@datagica/fast-index v0.1.0
Datagica Fast-Index
A library to lookup if a word is inside an index, even if the spelling is a bit different.
Usage
Installation
$ npm install @datagica/fast-index --save
Building the index
import "FastIndex" from "@datagica/fast-index";
const index = new FastIndex({
// fields to be indexed
fields: [
'label',
'aliases'
],
// a custom spelling generation function
spellings: (map, word) => {
// replace "le " or "el " by "the " with an arbitrary similarity score
// of 0.5 (you can choose any value between 0 and 1)
map.set(word.replace(/(?:le|el) /gi, 'the '), 0.5)
}
})
// now we load some dataset
index.loadSync([
{ label: 'the chef', type: 'movie' },
// duplicate entries are supported and will be returned in the results
{ label: 'the chef', type: 'book' },
// duplicates inside an entry are simply skipped
{ label: 'el chef', aliases: [ 'el chef' ] }
]);
// side-note: here is the internal representation of the data inside the index:
[ [ 'the chef',
[ { value: { label: 'the chef', type: 'movie' }, score: 1 },
{ value: { label: 'the chef', type: 'book' }, score: 1 },
{ value: { label: 'el chef', type: 'unknow', aliases: [ 'el chef' ] },
score: 0.5 } ] ],
[ 'el chef',
[ { value: { label: 'el chef', type: 'unknow', aliases: [ 'el chef' ] },
score: 1 } ] ] ]Querying the index
const matches = index.get("le chef");
// this will output
[
{ value: { label: 'the chef', type: 'movie' },
score: 0.5 },
{ value: { label: 'the chef', type: 'book' },
score: 0.5 },
// note how "el chef" has a lower score, although it would be closer using
// a distance function. That's because we choose a naive spelling function
// that converts everything into a single locale (english).

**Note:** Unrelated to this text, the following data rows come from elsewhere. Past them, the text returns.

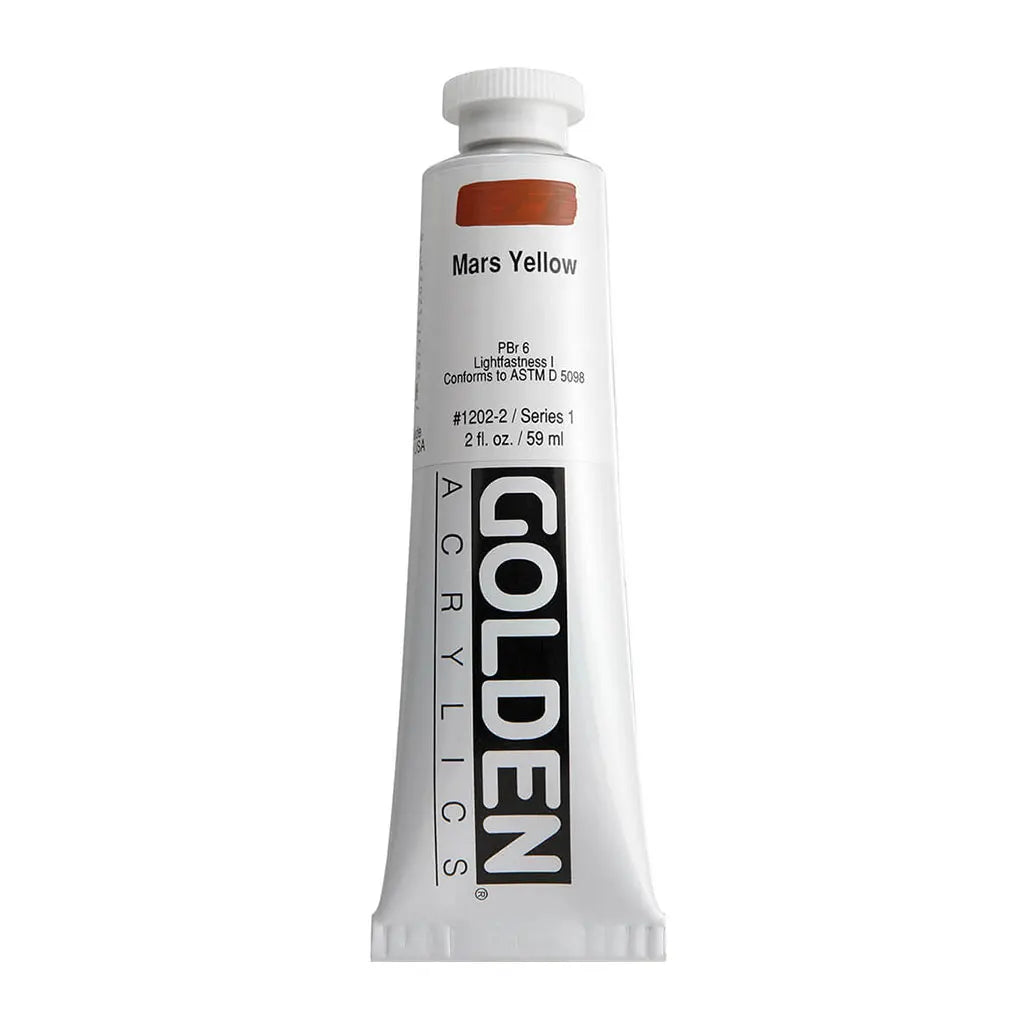 Golden Heavy Body Acrylic 2oz Mars Yellow S1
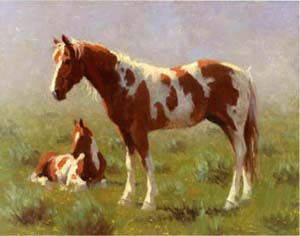 Uljna slika: Konji - 60x90 cm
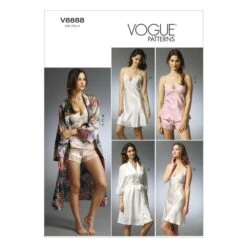 Robe, CAMISOLE, Slip And PANTIES, Vogue 8888 | 6 -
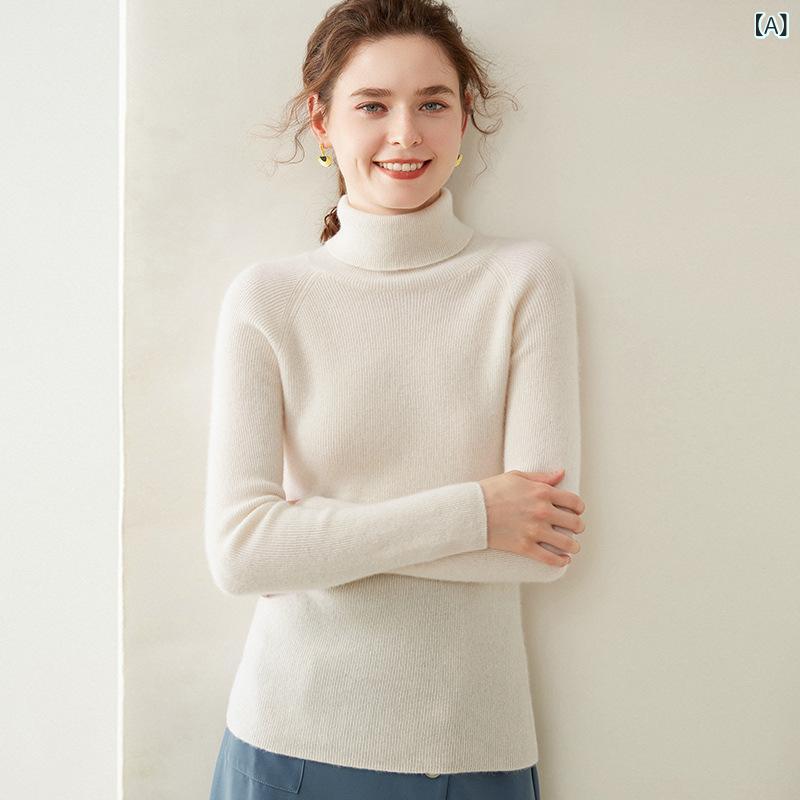 ニット レディース カシミヤ タートルネック 長袖 セーター ゆったり オーバーサイズ きれいめ シンプル オフィス 通勤 デイリー トップス 秋冬 保温 あったか 厚手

// a better function would be more fine-tuned and store each locale
// individually
{ value: { label: 'el chef', type: 'unknow', aliases: [ 'el chef' ] },
score: 0.25 }
]History
Problem
The original algorithm used for fuzzy matching entities in all Datagica projects
(@datagica/fuzzy-index) was based on a lookup inside a tree of possible
spellings, using a Finite State Levenshtein Transducer.

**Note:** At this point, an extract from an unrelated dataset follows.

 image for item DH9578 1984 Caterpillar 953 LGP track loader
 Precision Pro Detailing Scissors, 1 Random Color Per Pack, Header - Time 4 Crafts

This was nice because it allowed us to match a university name (for instance)
even if it was spelled a bit differently eg (universidad instead of university).
However for huge datasets this proved quite slow, incompatible with real-time lookup, as it searched more alternative spellings than necessary.
Solution
The new Fast Index simply converts its inputs into a simple representation of the word, where punctuation, accents, useless spaces etc.. have been removed.

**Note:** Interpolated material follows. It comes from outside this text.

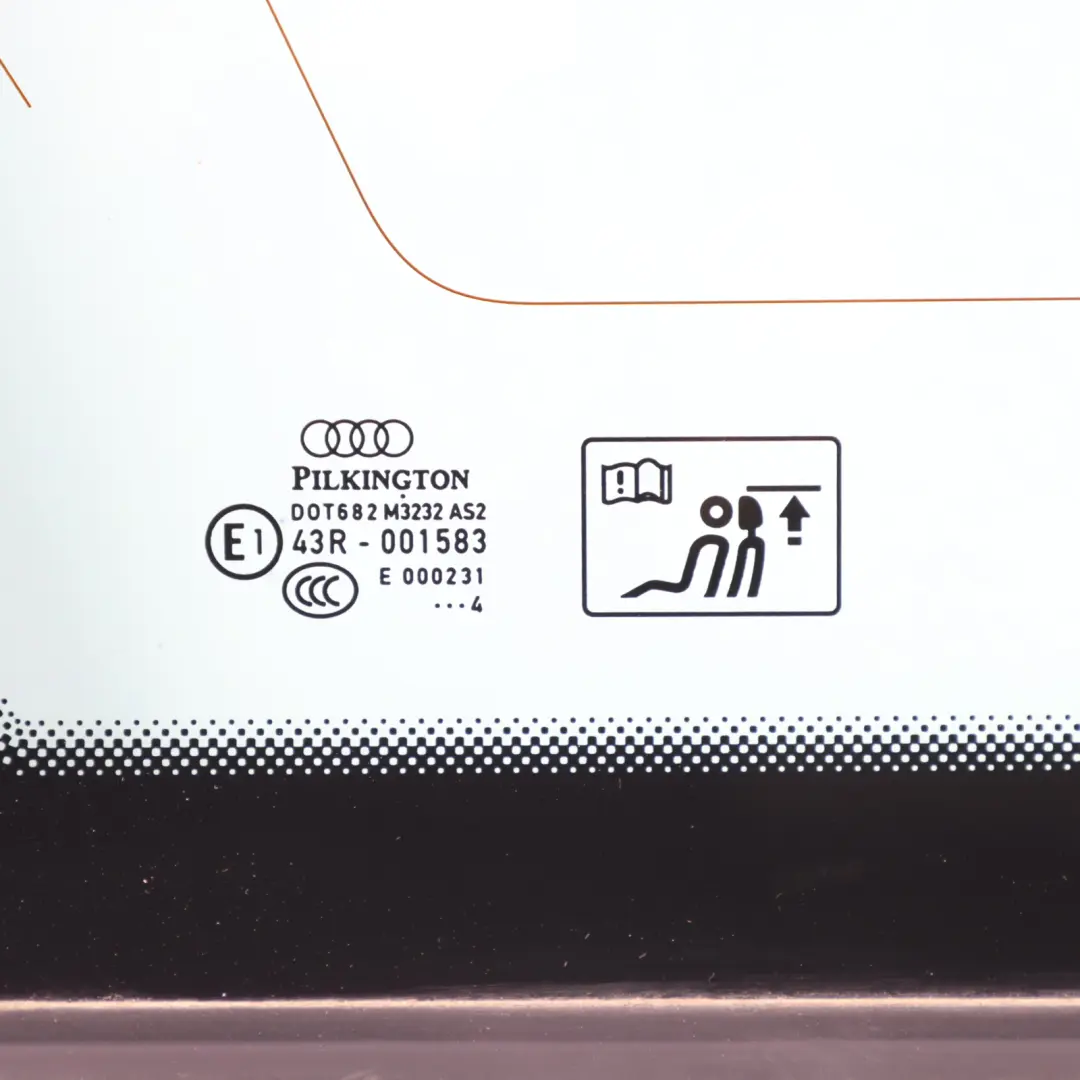Audi A4 B8 Szyba Boczna Ćwiartka Zielona Lewy Tył AS2 - SKU 8K9845299M - Numer Części 8K9845299M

These transformations are quite opinionated, but some can be opted-out.
In addition to these default transforms, Fast-Index also gives you a way to define custom alternative spellings.
For instance, you can tell Fast-Index to automatically convert:
de->ofité->ity
Now, if the input word is université de Poudlard it will match university of Poudlard!
When using the spelling generator, you decide yourself which distance score should be allocated. This helps the Fast-Index picks the best match it find later.